Present tense verbs generally describe the here and now. They are frequently used with many nonfiction topics when the writer is discussing his/her own ideas or factual material. While it's not as common in fiction, the use of present tense is becoming more accepted, as many authors opt for it in an effort to create a sense of urgency. Although many readers (and writers) tend to prefer past tense here, present tense can be powerful if handled effectively. The following is a present tense example:
Myrah glances over her shoulder to find her pursuers still close behind.
Past tense verbs are used to discuss events that already occurred. It is still the most commonly used in narrative fiction as well as historical and biographical topics.
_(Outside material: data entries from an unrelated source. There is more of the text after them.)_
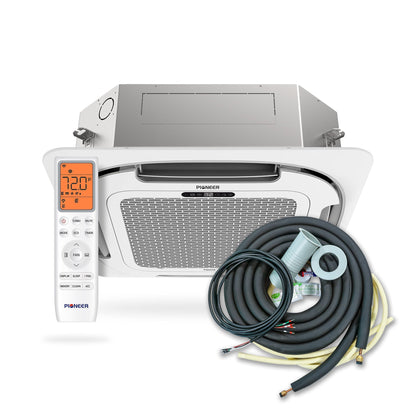 Pioneer Multi Zone 9,000 BTU Quantum Ultra Ceiling Cassette Indoor Section Ductless Mini-Split Wi-Fi Inverter++ Air Conditioner Heat Pump 230V - CT009GLSILCFHG-10S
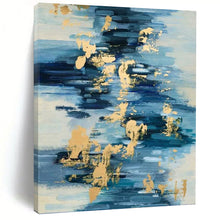 Load image into Gallery viewer, “Blue and Gold Ripples” Abstract Water - Inspired Painting on Canvas, Elegant Fluid Art DKH931
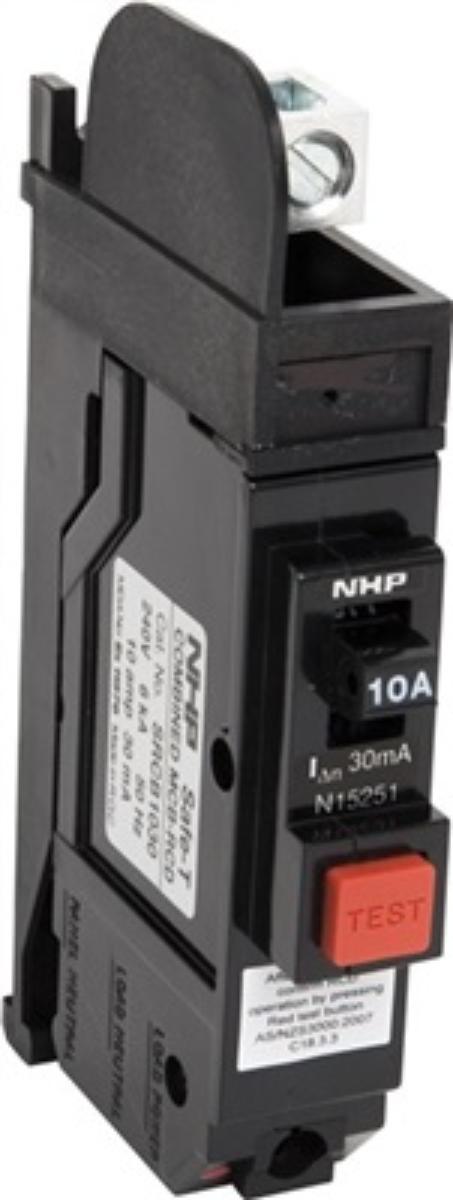 RCBO + HEIN ADAPT SAFE-T 1P 10A 6KA 30MA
Readers (and writers) prefer past tense because of the sense of completeness it offers. It also invokes a sense of a story being told orally (like a friend having lunch with you and relaying an experience from his weekend).
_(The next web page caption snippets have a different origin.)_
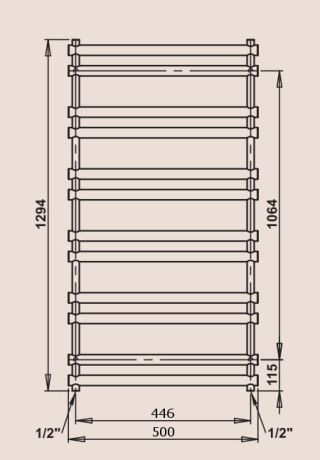 Przejdź do produktu Grzejnik łazienkowy 50x129 cm PMH Ulysses U7 Antracyt 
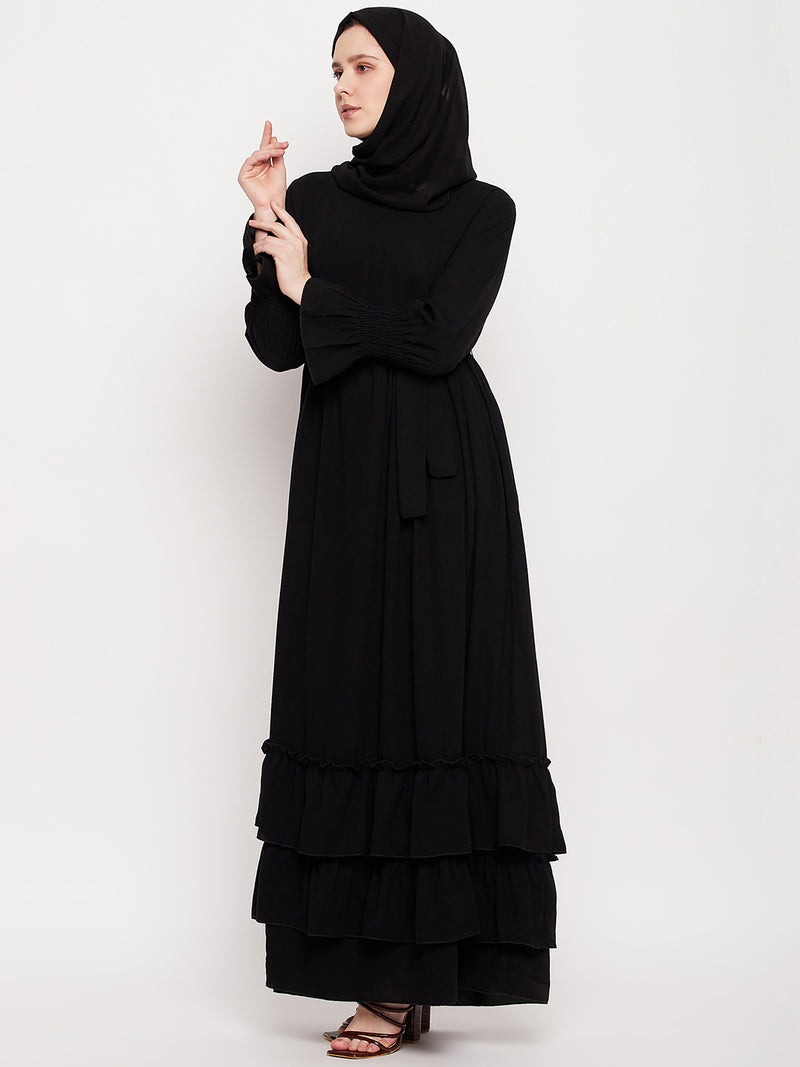 Nabia Women Black Frill Nida Matte Fabric Abaya Burqa With Black Georgette Scarf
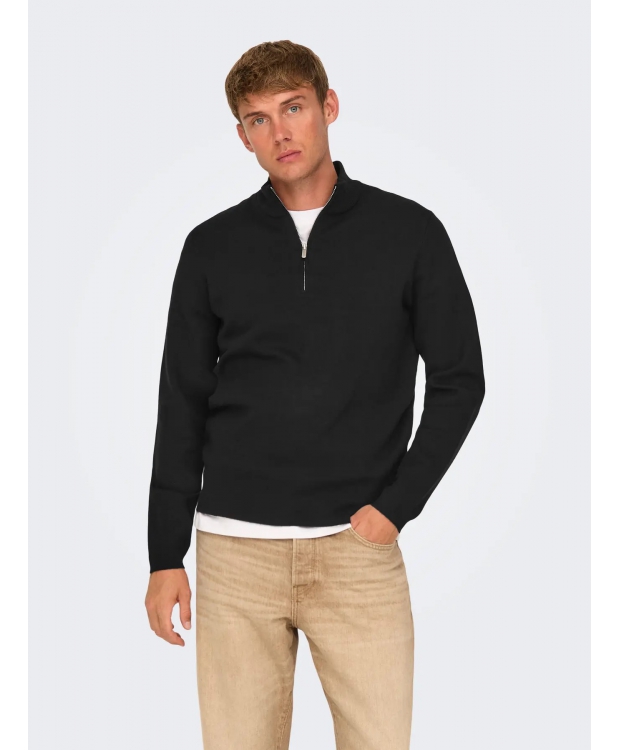 ONLY & SONS half zip i sort til herre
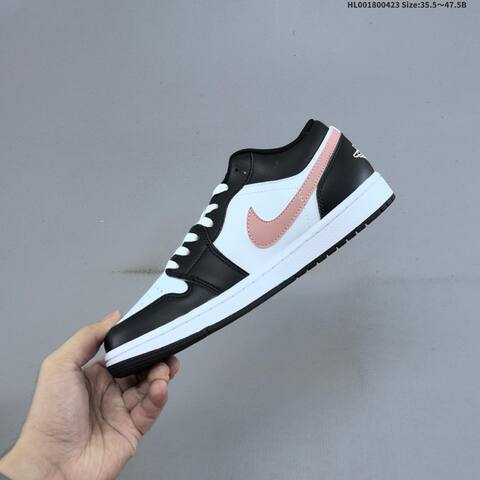 Jordan Air Jordan 1 Low Black White Pink 35 5 47 5B Casual - Unisex (BS-66081)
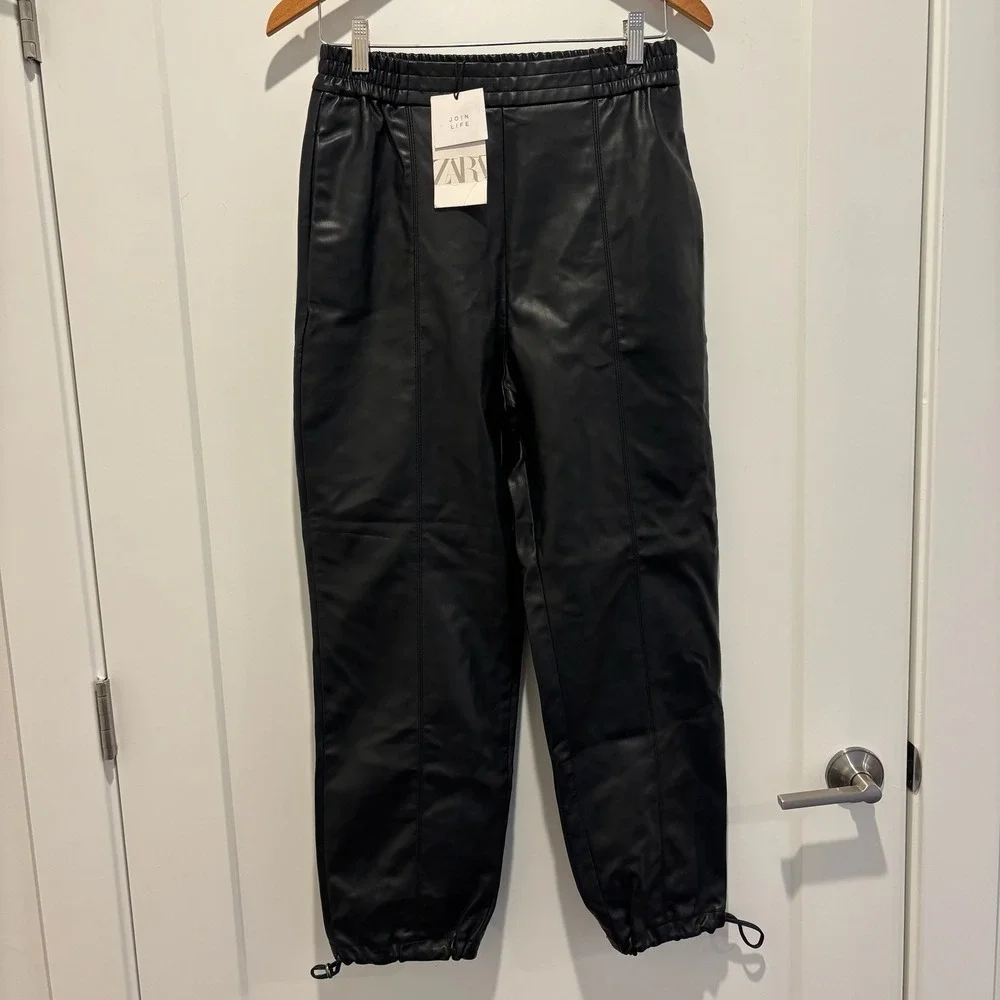 Zara NWT Women Faux Leather Jogger Pants Black Elastic Waist Drawstring Small - Picture 1 of 10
Sheila lifted the rusted chain from the box on the floor.
Future tense is used to discuss the events that have not yet occurred. This includes plans and topics that involve predictions (economics, meteorology, etc.).
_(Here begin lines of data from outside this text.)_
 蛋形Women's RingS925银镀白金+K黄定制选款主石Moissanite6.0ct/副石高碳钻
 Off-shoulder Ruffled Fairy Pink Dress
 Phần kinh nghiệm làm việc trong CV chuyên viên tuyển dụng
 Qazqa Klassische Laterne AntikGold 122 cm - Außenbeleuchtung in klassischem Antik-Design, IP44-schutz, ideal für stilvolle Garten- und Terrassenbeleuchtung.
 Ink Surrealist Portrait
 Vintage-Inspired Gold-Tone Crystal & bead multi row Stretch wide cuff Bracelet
The band will return to the studio to resume recording in May.
Controlling Verb Tense Shifts
Since verb tense establishes time, a shift alerts readers to the temporal relationship between events (that something happened before or after something else). This is why consistency is important within a narrative. You should not shift verb tenses unless the narrative requires it. Consider the following example:
As I approached the building, I notice the security guard was missing from his station.
As you can see, an unnecessary shift can be subtle. The sentence should read like this:
As I approached the building, I noticed the security guard was missing from his station.
However, if the events in the narrative call for it, by all means change tenses:
Adam reaches in his pocket and pulls out the old coin he found in the attic.
Ultimately, the events dictate verb tense. Be sure to shift cautiously and be mindful of it during the revision stages of your writing.